### WORK TO COMPLETE
Once the pictures are set aside, transcribe the remaining data exactly.

### MATERIAL PROVIDED
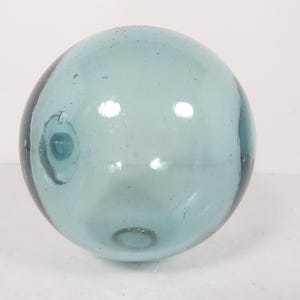 Vintage Soft Green Glass Ball Fishing Float -  Green Blue Glass Ball
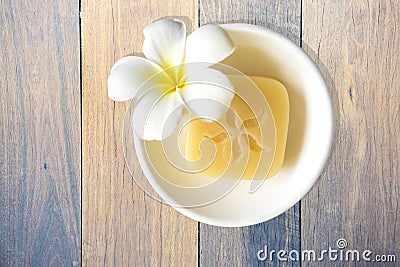 Soap and frangipani flower Stock Photo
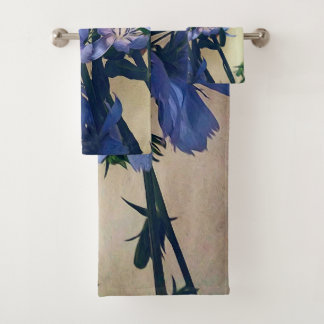 Conjunto de Toalhas de Flores Selvagem Azul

### TASK RESPONSE
 Vintage Soft Green Glass Ball Fishing Float -  Green Blue Glass Ball
 Soap and frangipani flower Stock Photo
 Conjunto de Toalhas de Flores Selvagem Azul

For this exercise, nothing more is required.